> What you will do
Reproduce the listing exactly and skip over any pictures.

> Supplied information
+ + + + + + +
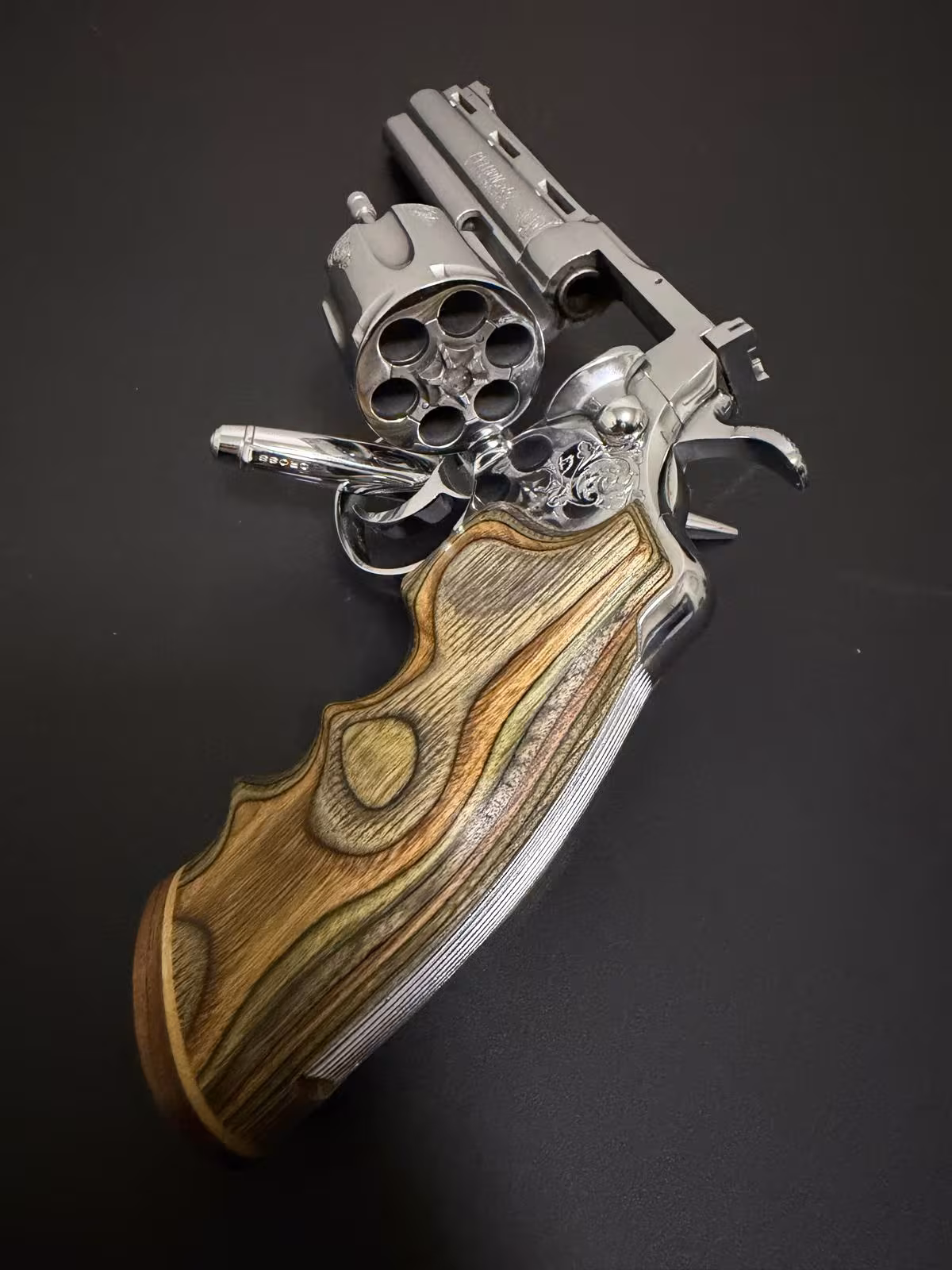 Colt python 357 magnum 6inç Türkiye tek Sıfırdan farksız oynanmamış bir silah.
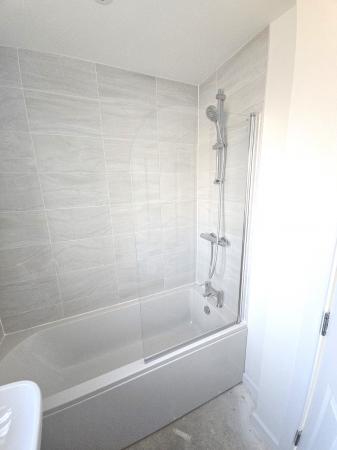 3 bedroom Semi-detached house to let in Bechstein Close, Hinckley, LE10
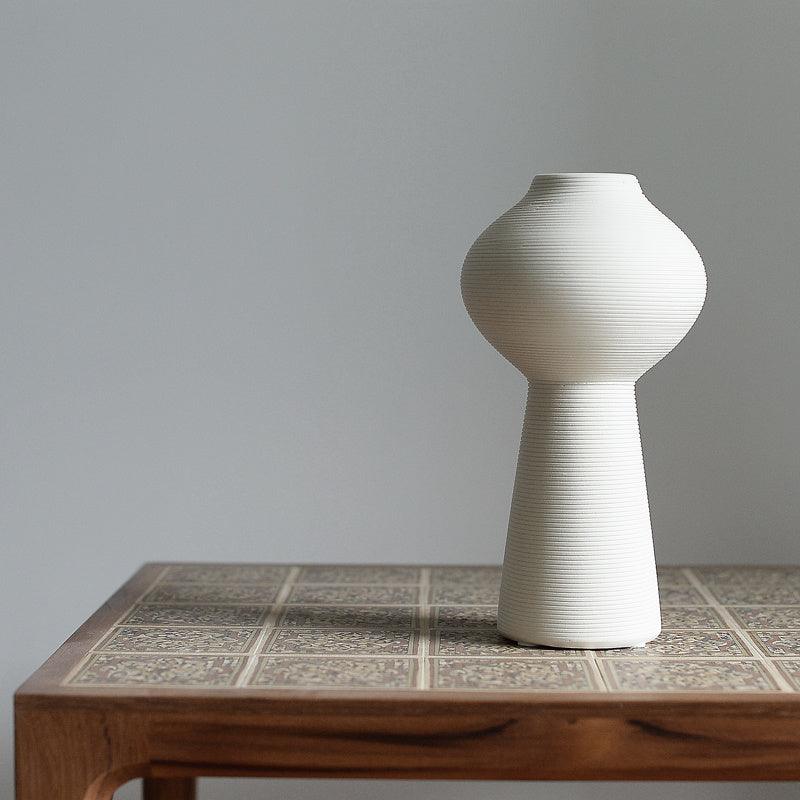 Simple Chinese Style Plain White Ceramic Vase, Elegant Hong Pattern Vase - Pacisia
+ + + + + + +
> Answer below
 Colt python 357 magnum 6inç Türkiye tek Sıfırdan farksız oynanmamış bir silah.
 3 bedroom Semi-detached house to let in Bechstein Close, Hinckley, LE10
 Simple Chinese Style Plain White Ceramic Vase, Elegant Hong Pattern Vase - Pacisia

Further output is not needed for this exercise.